2007-02-08 Thread Ian Smith

On Wed, 7 Feb 2007, Richard Lynch wrote:
[I've tried to snip away a lot of stuff, without losing any context...]

I'll prune a bit too, but will backtrack to earlier context, so thanks.

On Tue, February 6, 2007 2:50 am, Ian Smith wrote:
On Mon, 5 Feb 2007 01:13:31 -0600 (CST) Richard Lynch [EMAIL PROTECTED]
wrote:
On Tue, January 16, 2007 3:21 pm, Chuck Swiger wrote:
On Jan 16, 2007, at 1:13 PM, Richard Lynch wrote:
...
+ad1: TIMEOUT - READ_DMA48 retrying (1 retry left) LBA=404955007
+ad1: FAILURE - READ_DMA48 status=51READY,DSC,ERROR
error=10NID_NOT_FOUND
LBA=404955007
+g_vfs_done():ad1s1[READ(offset=207336931328, length=16384)]error = 5

Looks like a not ready error maybe. The only value in your ad1.txt that
looks like it's ever been anywhere near any error threshold is ID# 11,
Calibration_Retry_Count, and its current value is fine. Power glitch?

Are you getting any other hard looking errors in /var/log/messages? Is
fsck happy? It never hurts to run 'fsck -n' whenever you feel the urge.

Try installing the sysutils/smartmontools port and run a drive
self-

I ran the short test on the problem drives, and it said everything
was
fine.

I'll try the long test at a later date.

Only your ad3.txt referred to below shows a (short) test having been
completed and logged.

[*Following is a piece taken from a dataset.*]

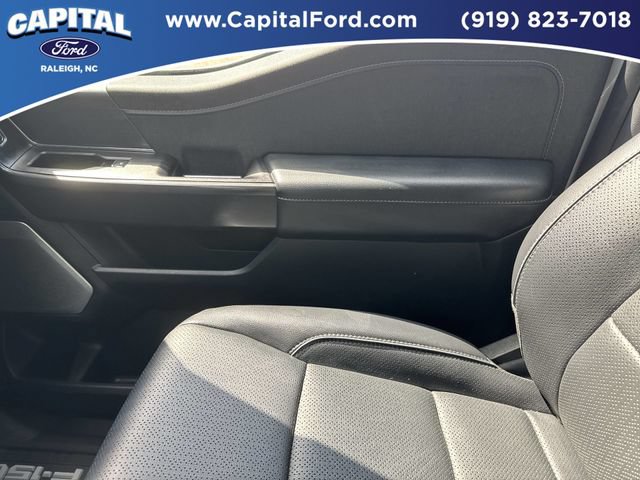 Certified 2024 Ford F150 Lariat w/ Equipment Group 502A High AWD/4WD image 29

You might check the smartctl -a results after
running at least short tests initially (looks like the long ones will
take 4-5 hours for your 4 drives) as Chuck has since suggested.

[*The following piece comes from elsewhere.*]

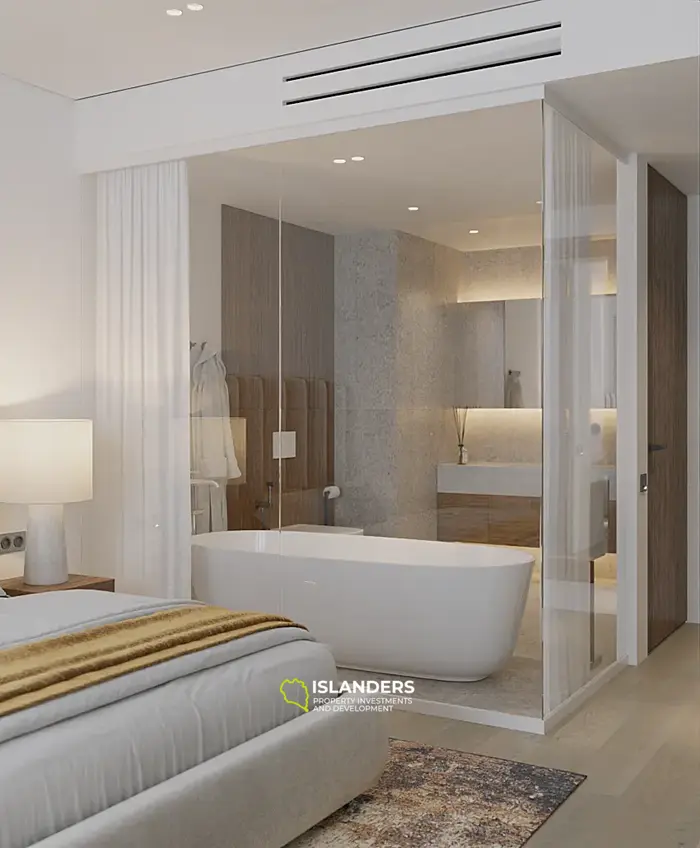 Verfeinertes 2-Zimmer-Condo in Layan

#2. Sequences like this show up a fair amount:
Device: /dev/ad2, SMART Prefailure Attribute: 3 Spin_Up_Time
changed
from 152 to 153
Device: /dev/ad2, SMART Prefailure Attribute: 3 Spin_Up_Time
changed
from 153 to 152
Device: /dev/ad0, SMART Prefailure Attribute: 8
Seek_Time_Performance
changed from 251 to 250

I'm not sure of the degree of logging you're having smartd use here, but
these small changes of value, especially up and down by 1 but a long way
from any error threshold, seem to be excessive and relatively trivial
perhaps debug-level detail?, ie most likely nothing of any concern.

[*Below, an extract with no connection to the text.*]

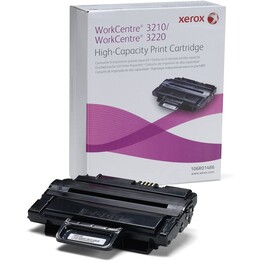 TONER XEROX 106R01486 BLACK LARGE CAPACITY WORKCENTRE 3210 3220 4100 PAG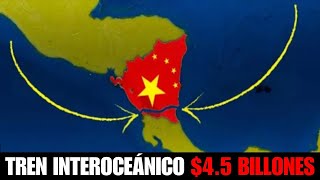 La HISTORIA del Canal Mexicano que HUNDIRIA a EEUU [upl. by Otanutrof553]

I suggest reading man smartctl under '-A, --attributes' and then you'll
know as much as I do about what these may mean, and maybe worry less ..

Here are all the smartctl -a outputs:

http://l-i-e.com/ad0.txt
http://l-i-e.com/ad1.txt
http://l-i-e.com/ad2.txt
http://l-i-e.com/ad3.txt

ad3 is giving the most errors...
ad1 gives a fair amount though

Do you mean according to that fine-detail attribute changes logging? Or
real read/write/seek etc errors being logged to messages?

And the ad0 and ad2 seem to be giving the spinup errors.

None of those reports seem to indicate any problems really, though if
anyone else cares to peek and notices any anomalies, I'm all eyes.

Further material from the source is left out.